Delta outage to cost $120 million

Cowen & Co. analyst Helane Becker has estimated that Delta Air Lines will take a $120 million operating loss following last week’s computer outage, which caused the airline to cancel over 2,100 flights and experienced significant delays. As the Cowen & Co. report sets out, the network issues persisted over the course of four days and as a result the financial impact to the company’s 3Q16 financial results as a result of the cancellations,
delays and customer book away is estimated at $120 million.

“Delta has historically taken great pride in their operational performance, consistently referring to themselves as running “the industry’s best operation” and citing how many days they went without flight cancellations. We expect management to take a more humble approach to addressing their operations going forward. We anticipate Delta will quantify the impact from the network issues when they report August traffic (likely 9/2) and update 3Q16 guidance at our 9th Annual Global Transportation Conference (9/7),” said the report.

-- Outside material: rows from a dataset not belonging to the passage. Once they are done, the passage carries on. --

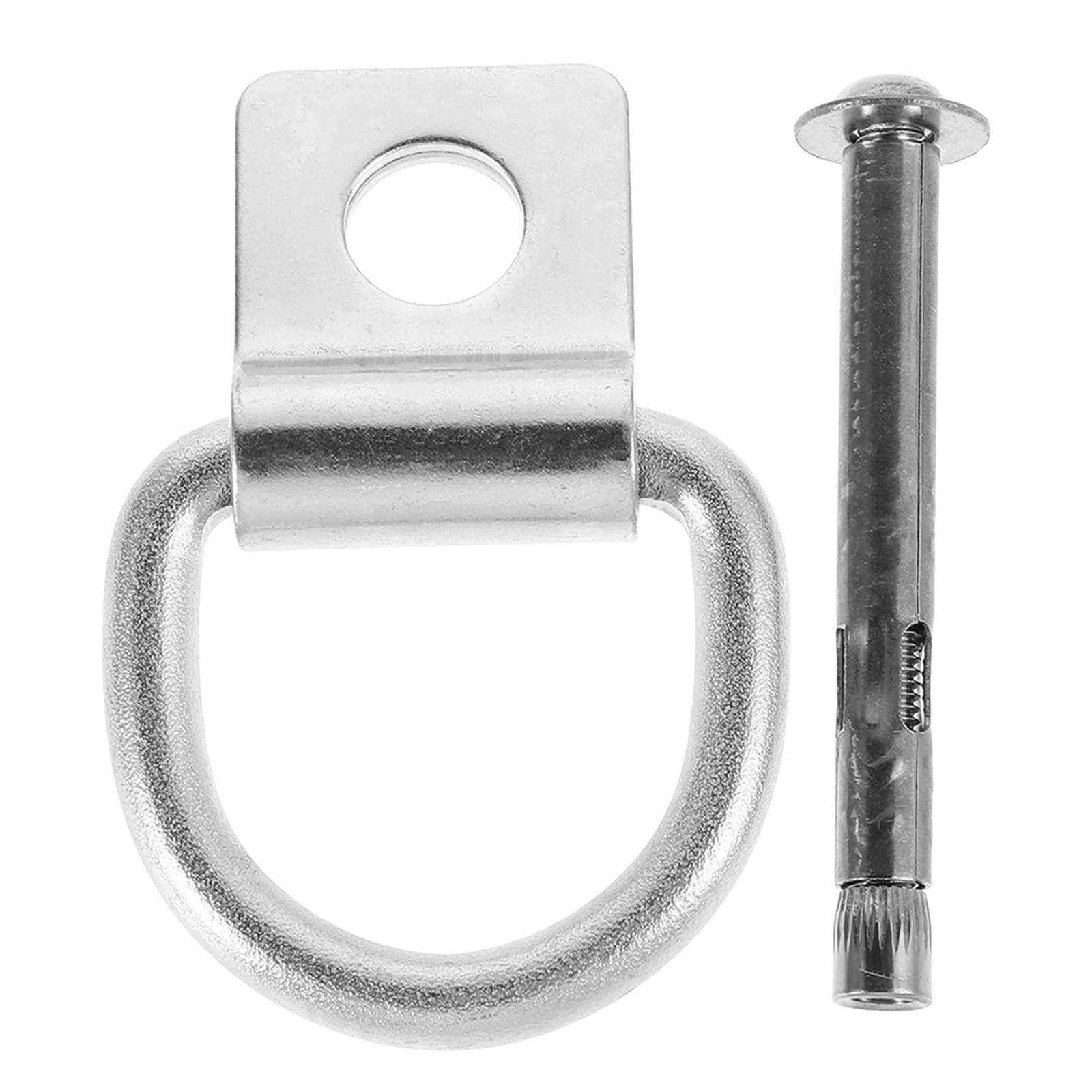 

Durable Cargo D-Rings Tie Down Rings Heavy Duty Trailer Accessories Rope Ring Stainless Steel Truck Bed Anchors Metal D Ring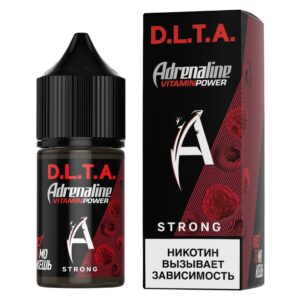 ⚡NEW - D.L.T.A. - ЖИДКОСТЬ - 30ml - 5% - ENERGY - ADRENALINE - BERRIES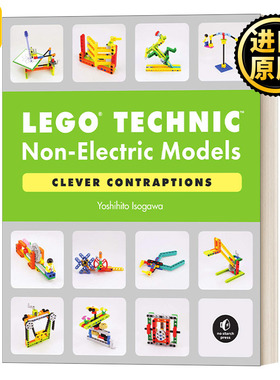 LEGO Technic Non-Electric Models 02 Clever Contraptions 02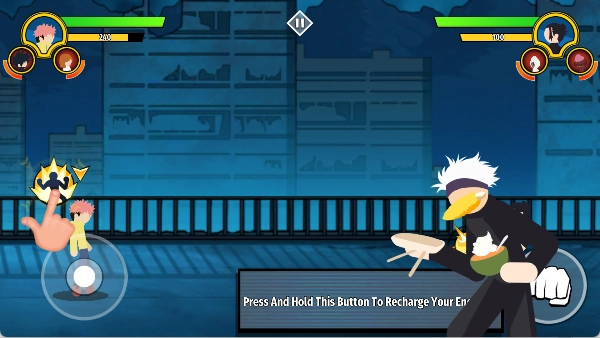 火柴人咒术回战游戏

As a response to the cancellations and significant delays (+3 hours), Delta provided $200 vouchers to its customers. In an attempt to quantify the revenue impact, Cowen & Co has assumed during an average day in August, Delta flies ~540k passengers. If 100% of the passengers were delayed +3 hours or cancelled it would result in ~$108MM impact.
“We do not expect Delta to recognize the impact in just 3Q16 but rather over the course of the next four quarters. We also believe there could be some business travel implications, with customers changing flights / carriers in an attempt to circumvent Delta’s issues. As a result, we are lowering our 3Q16 revenue assumption by $50MM.”

Cowen & Co still believes Delta will maintain its 3Q16 PRASM range (all else equal) of down 4% – 6%, but “now believe there is potential revision to the low end of initial expectations, partially offset by less capacity being flown due to the cancellations.”

The true impact of the flight cancellations and delays will be felt on Delta’s costs, however, since it will face headwinds associated with less capacity and incremental costs from employee overtime and re-bookings. Cowen & Co is modelling “$70MM in cost headwinds in 3Q16, which will result in an incremental ~100 bps in non-fuel unit costs during the quarter. As a result, we believe management will raise their 3Q16 non-fuel unit cost guidance to up 1%, from flat previously. There will be some cost offsets associated with lower revenue and profit sharing, as well as jet fuel trending towards the lower end of management’s initial expectations of $1.52 to $1.57/gallon.”